Les tabous flottent sur nos têtes. Les ombres du soir grandissent ta peau nue. Je cherche le vide où tu n'existes pas. Je traverse les forêts les champs et ne peux effacer une telle présence. Je parle à la fille au regard clair, l'entraîne dans mon désert. Juste des mots écrits là, la tête pleine de terreur, après un chemin sans repères. Et puis plus bas, quelque chose coule ruisseau, torrent ... La lune décline les heures sur nos mains, les doigts accrochent quelques étoiles juste pour éclairer l'ombre impalpable. Orages lourds de temps d'errances dans les détours d'un passage d'enfance. Des couleurs de ton imaginaire me renvoient dans ta nuit. Dors, pas trop loin du feu, les yeux clos, le dos rond dans un recoin où ton corps s'efface l'ignorance. La guerre en dedans, des courants d'eaux glacées nous emportent loin de tout caprice. Un serpent aux écailles d'argent se déroule dans les veines de tes cuisses avant de rentrer dans un mur factice. Dans nos gorges les mots se décomposent, se découpent, saignent mille mots et tu n'auras même pas dit le pourquoi de cette vie.

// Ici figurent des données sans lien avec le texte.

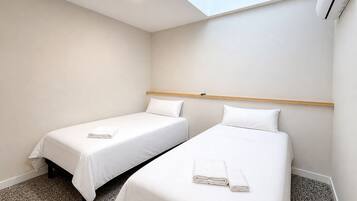 Una habitación de hotel con dos camas, un tragaluz y un equipo de aire acondicionado.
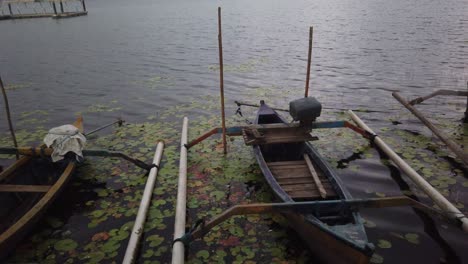 Canoes-in-their-boat-slips-at-Beratan-Lake-in-Bali,-Indonesia-surrounded-by-lily-pads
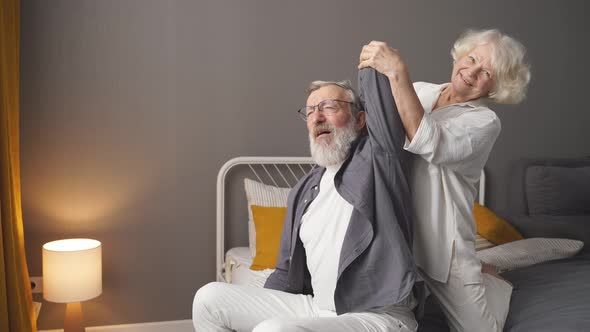 An Elderly Couple Takes Care of Each Other a Wife Massages Her Adult Spouse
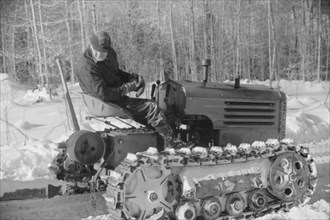 Hauling Timber by Tractor to Road where it is Taken by Truck to Mill, near Barnard, Vermont, USA, Marion Post Wolcott for Farm Security Administration, March 1940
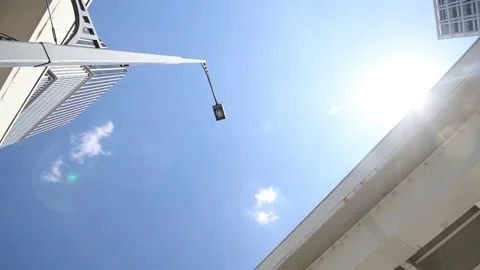 Looking up the clear blue sky in the city of Tokyo. Stock Footage 220096859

Je garde la lettre, les dessins dans le creux d'un arbre. Partout on tue, lapide, assassine et pourtant la vie continue. J'écoute les silences, la musique intérieure, je garde en dedans les temps de sable. Pan ! Je ne sais qui a tiré le premier, je reste collé à l'air, les crânes vides contre les voliges. Scène jaune déjà vue, les grilles s'ouvrent la fille au regard clair arrive son sac à l'épaule, lui débarque par la porte de verre. Dans sa chute, elle se brise. Plus d'écran, plus de frontières, les mains se touchent et les mots sans paroles naissent spontanément
Après tout ce temps j'éprouve les mêmes sentiments.